Regrettably my own ability to foretell the future peaked in the sixth grade. Dressed in a robe and turban, I walked onstage at the beginning of a class play, introduced myself as “Yogi Safransky,” peered into my crystal ball, and confidently predicted that the audience would love the show we had in store for them. And I was right! Alas I had no clue that the gas-guzzling car my father had just bought, and the millions of others just like it, were actually a bigger threat to future generations than the Soviet army.
So I don’t claim to be prescient. Nor can I debate science with an intellectual giant like Lovelock. But my intuition tells me that it’s premature to throw in the towel; that the future isn’t fixed; that the demons we’ve created and the angels of our better nature are still slugging it out. Sure, the odds are probably against us, but the odds are always against accomplishing anything meaningful, whether it’s saving a marriage or saving the planet. How much do you sacrifice for a dying cause? Maybe nothing; maybe everything. As the Italian revolutionary Antonio Gramsci encouraged: “Pessimism of the intellect, optimism of the will.”

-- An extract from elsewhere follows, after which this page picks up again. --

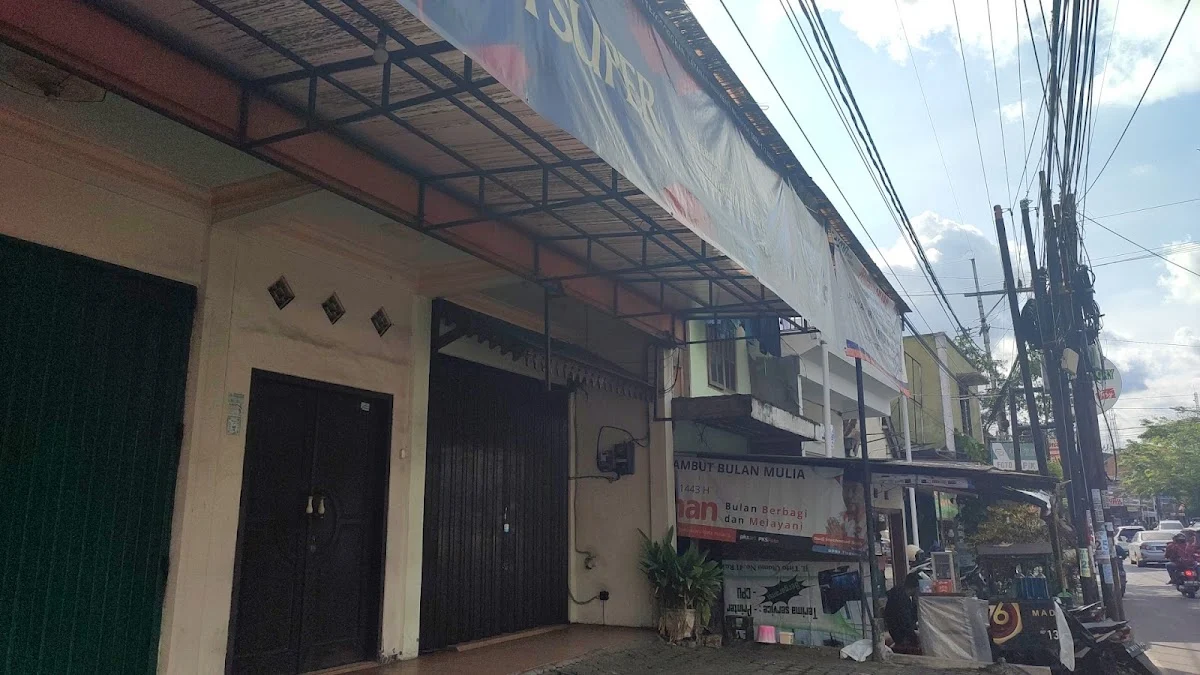 Toko Pancing Tlogomas - 2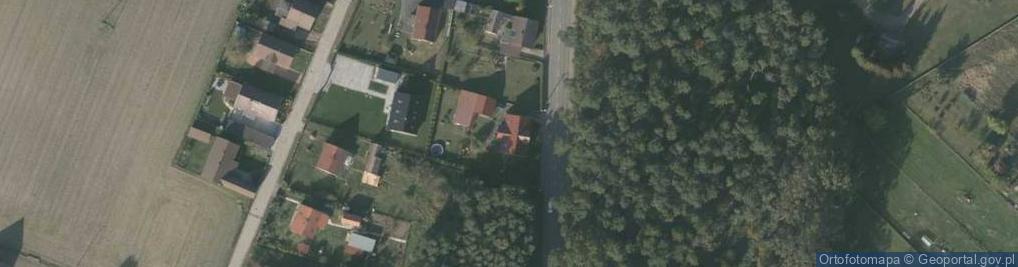 Zdjęcie satelitarne Krzysztof Botta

I’m wary of obsessing about global warming to the exclusion of other environmental problems — water pollution, habitat destruction, overpopulation, take your pick — or, for that matter, obsessing about the environment instead of dealing with the myriad social and economic injustices in our midst. Perhaps a hundred years from now humanity will be feasting on the smorgasbord of despair Lovelock has laid out for us. Or perhaps the “most intelligent species” (according to the “most intelligent species”) will actually start to act intelligently; perhaps we’ll curb our enormous appetites and think twice before buying the next gizmo or cutting down the last redwood. Whether Lovelock is right or wrong, however, the challenge of living from one unpredictable moment to the next remains the same. During the height of the Cold War, the spiritual teacher Ram Dass was asked whether the world was facing a nuclear Armageddon or, as some were prophesying, a “new age” of peace and love and deeper awareness. Ram Dass said, “I used to think I should have an opinion on this. But as I examined it, I saw that if it’s going to be Armageddon and we’re going to die, the best thing to do to prepare for it is to quiet my mind, open my heart, and deal with the suffering in front of me. And if it’s going to be the new age, the best thing to do is to quiet my mind, open my heart, and deal with the suffering in front of me.” Is the moral calculus any different today?
You can count on such thoughts to make a man appreciate the mundane pleasures of a Sunday afternoon. I stand still for a moment in my small backyard. Yellow sun, blue sky: mix them together for a splash of green. I take off my glasses, wipe them clean, put them back on, and peer at the exotic life-forms all around me: the sprawling fig tree heavy with fruit; a hummingbird sipping nectar from a tiny red flower; this mysterious world I rarely take time to see, as if I, and this world, had forever.